Sam Torrance’s putt (The Belfry, 1985)
Sam Torrance’s 22-foot putt on the last hole not only won the Ryder Cup for Europe for the first time in 25 years, but it also signalled a sea change in the balance of power between the two sides. The dominant Americans had come close to reliquishing their grip on the trophy two years before in Florida, but Torrance made sure of a European win in ‘85 by beating Andy North on the 18th at the Belfry. Wearing a bright red jumper, Torrance held his arms aloft in triumph, with tears coming down his cheeks - it remains one of the Ryder Cup’s most iconic visual shorthands for the drama and emotion of the occasion.
The Battle of Brookline, 1999
A putt from more than 40 yards clinched the Battle of Brookline for the Americans, even though it shouldn’t have. Just as Jack Nicklaus’ famous concession is held up as the Ryder Cup’s greatest piece of sportsmanship, the scenes following Leonard’s putt on the final hole at Brookline undermined the sport’s reputation as a gentlemanly pursuit.
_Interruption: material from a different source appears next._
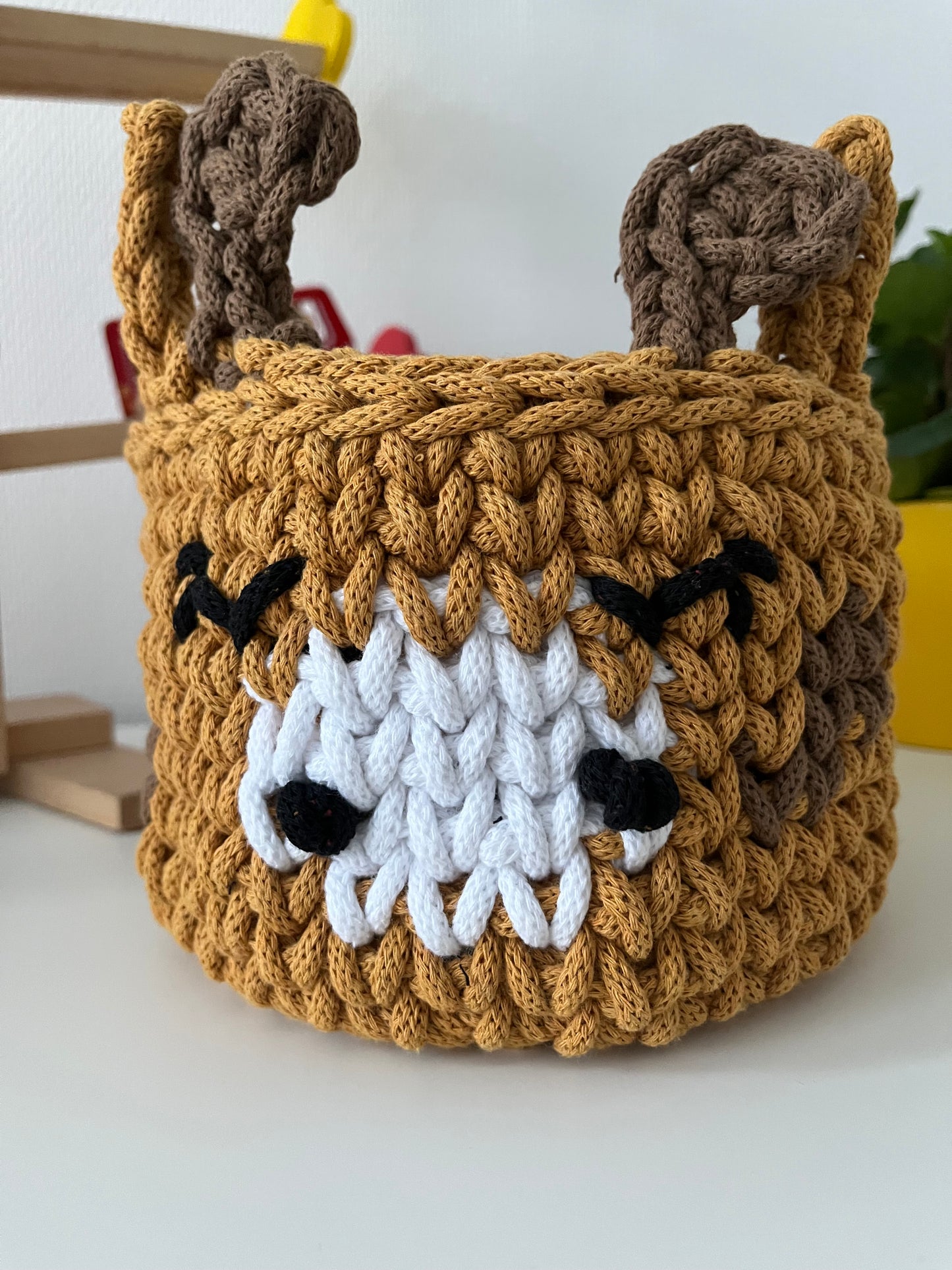 Handmade giraffe basket made from recycled cotton cord for toy storage in kids room.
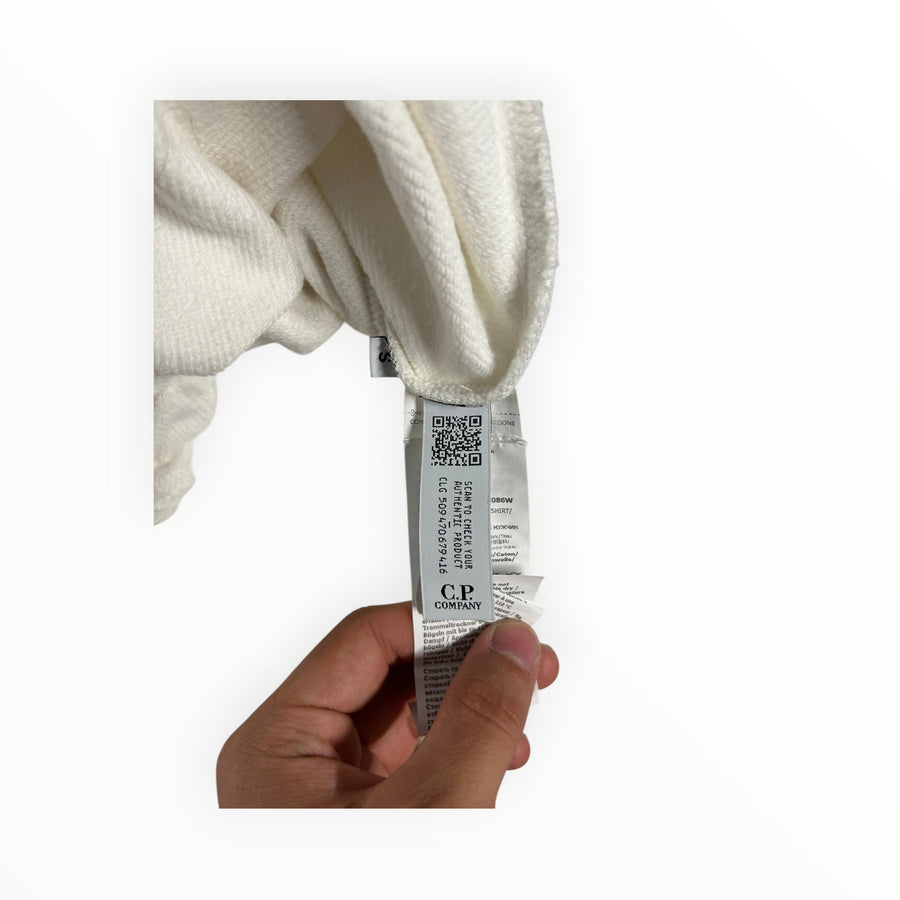 Secondstore C.P. Company off-white sweatshirt interior care label with authentication QR code and branding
The audacity of the shot, coming after what had been a hitherto miserable showing from the US, was matched only by the Americans’ riotous celebrations; they upset the Europeans less for their wildness than for the fact they were premature. Jose Maria Olazabal saw rowdy Bostonian fans and players’ wives join the stampede on the green over his line of sight as he waited to putt his 20 yarder. Shaken by the US team’s exploits, he missed it, and gave the Americans the trophy in one of the great Ryder Cup comebacks.
Miracle at Medinah, 2012
And speaking of Ryder Cup comebacks, the Miracle at Medinah absolutely rivals its Brookline predecessor. This time, the Europeans won out after Martin Keymer cooly guided his putt home on the 18th after the Americans had held a 10-6 lead overnight. But more important to the European team’s comeback was Ian Poulter, who produced a career-defining performance on the green, hitting five birdies in a row against Zach Johnson and Jason Dufner alongside Rory McIlroy in the fourballs. Of the 12 points on offer on the last day’s play, Europe won eight and a half of them. Incidentally, the Americans managed to do the same in Brookline 13 years prior.